▶ **Required action**:
The answer is the line containing "FROZEN JUICE buah" plus every line after it to the end of the material, retyped exactly and without the pictures.

▶ **Exercise material**:
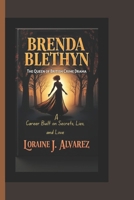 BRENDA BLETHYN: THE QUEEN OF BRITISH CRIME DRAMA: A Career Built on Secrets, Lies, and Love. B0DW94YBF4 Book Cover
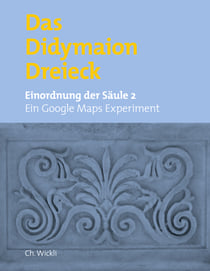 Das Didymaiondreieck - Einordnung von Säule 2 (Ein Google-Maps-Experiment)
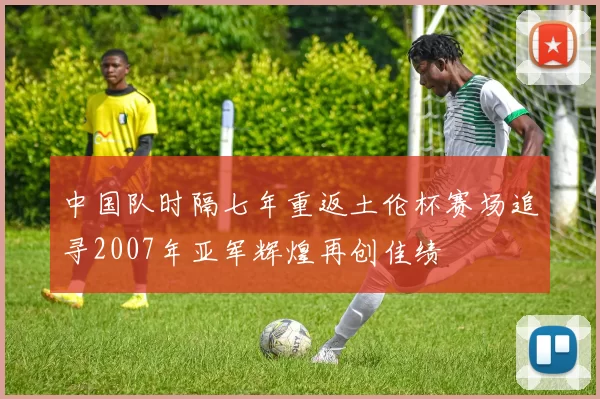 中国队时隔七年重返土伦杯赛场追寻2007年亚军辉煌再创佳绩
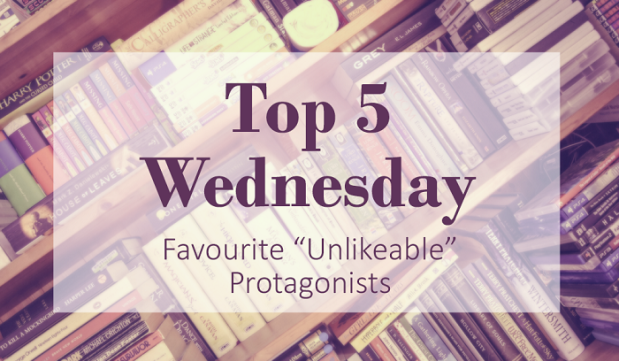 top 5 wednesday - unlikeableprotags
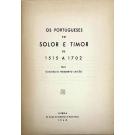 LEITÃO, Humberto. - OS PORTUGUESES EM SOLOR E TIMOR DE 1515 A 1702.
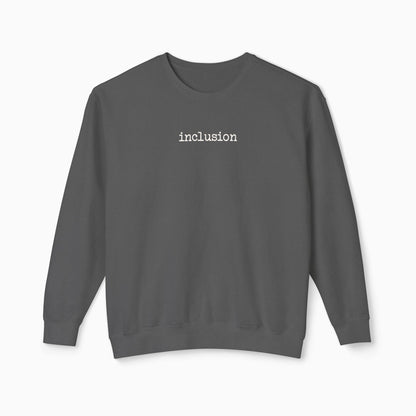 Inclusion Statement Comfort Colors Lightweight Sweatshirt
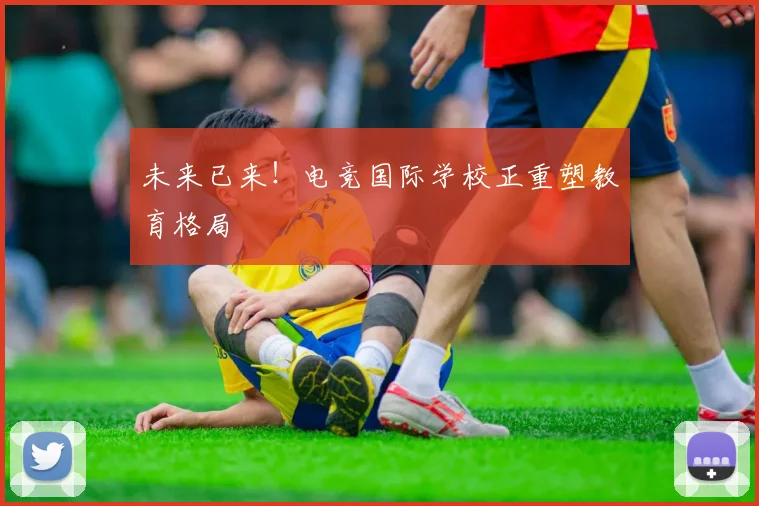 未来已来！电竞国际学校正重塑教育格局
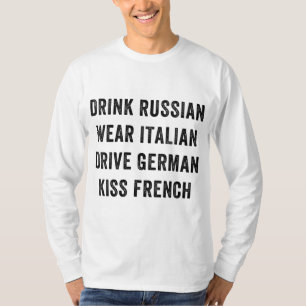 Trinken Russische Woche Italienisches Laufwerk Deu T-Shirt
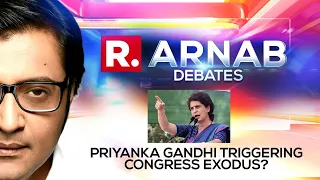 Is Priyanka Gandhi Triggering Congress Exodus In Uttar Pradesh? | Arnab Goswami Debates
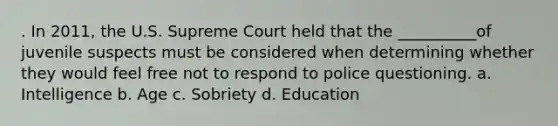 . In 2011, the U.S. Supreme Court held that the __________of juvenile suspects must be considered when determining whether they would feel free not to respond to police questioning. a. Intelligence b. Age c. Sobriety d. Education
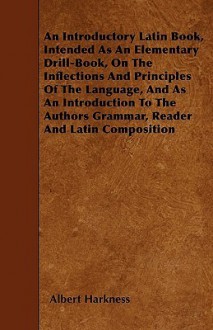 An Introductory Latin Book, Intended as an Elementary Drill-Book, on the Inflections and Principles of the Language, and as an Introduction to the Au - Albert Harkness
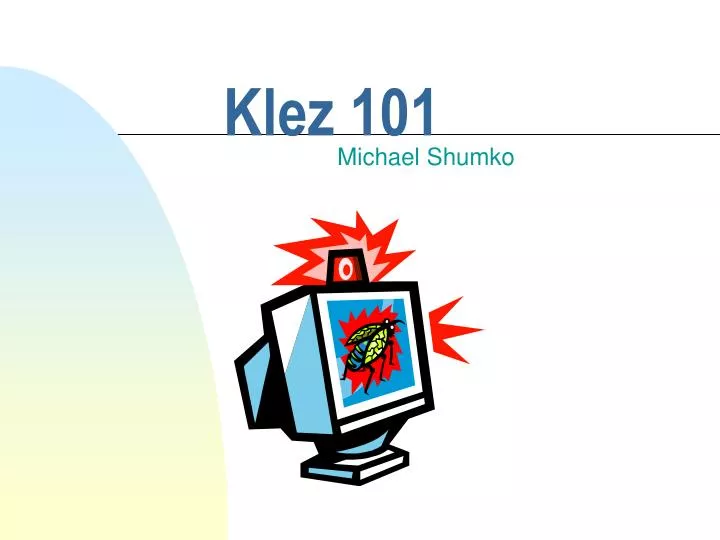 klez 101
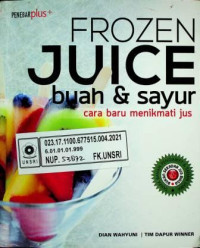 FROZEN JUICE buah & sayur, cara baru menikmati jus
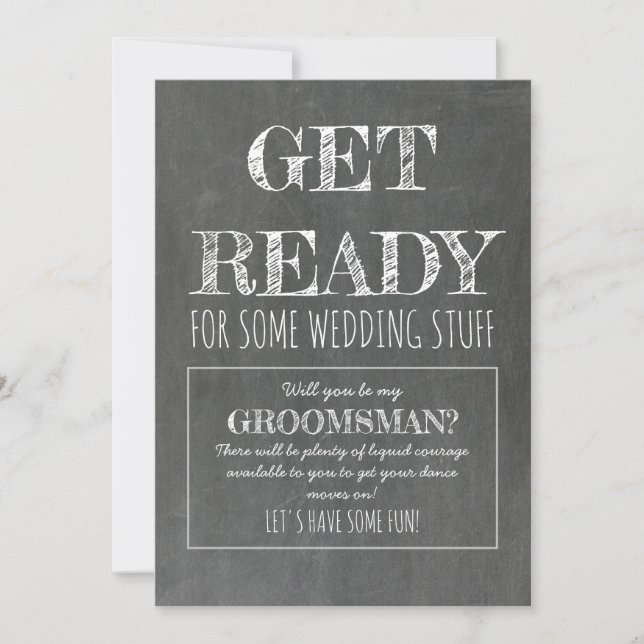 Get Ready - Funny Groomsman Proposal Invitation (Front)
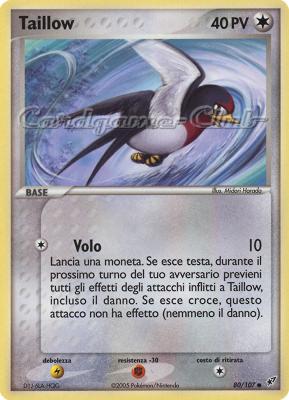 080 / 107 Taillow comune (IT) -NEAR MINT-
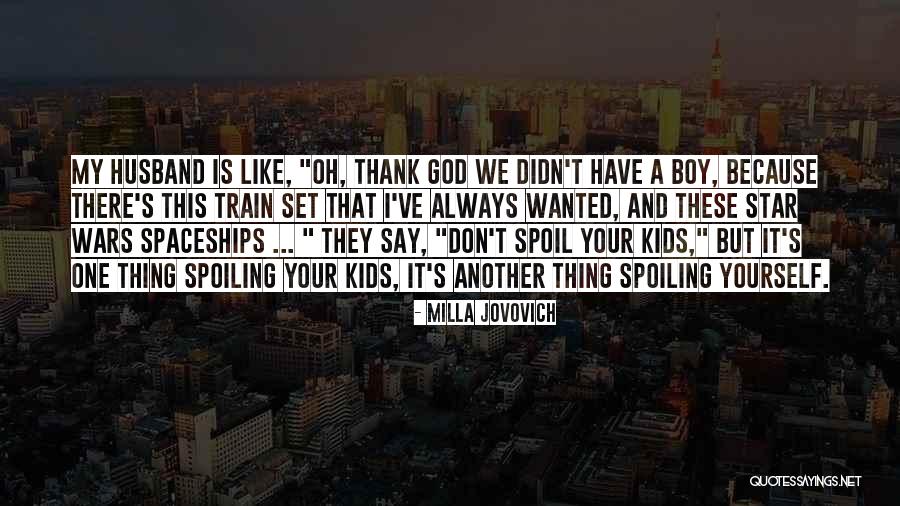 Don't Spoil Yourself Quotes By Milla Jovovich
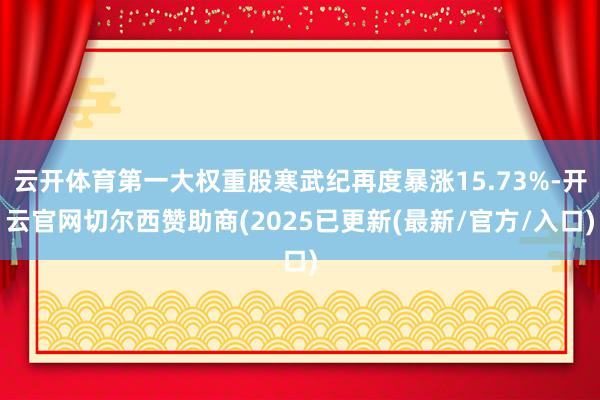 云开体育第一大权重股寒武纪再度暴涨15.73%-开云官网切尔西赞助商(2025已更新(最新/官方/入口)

▶ **Solution**:
 FROZEN JUICE buah & sayur, cara baru menikmati jus
 Get Ready - Funny Groomsman Proposal Invitation (Front)
 080 / 107 Taillow comune (IT) -NEAR MINT-
 Don't Spoil Yourself Quotes By Milla Jovovich
 云开体育第一大权重股寒武纪再度暴涨15.73%-开云官网切尔西赞助商(2025已更新(最新/官方/入口)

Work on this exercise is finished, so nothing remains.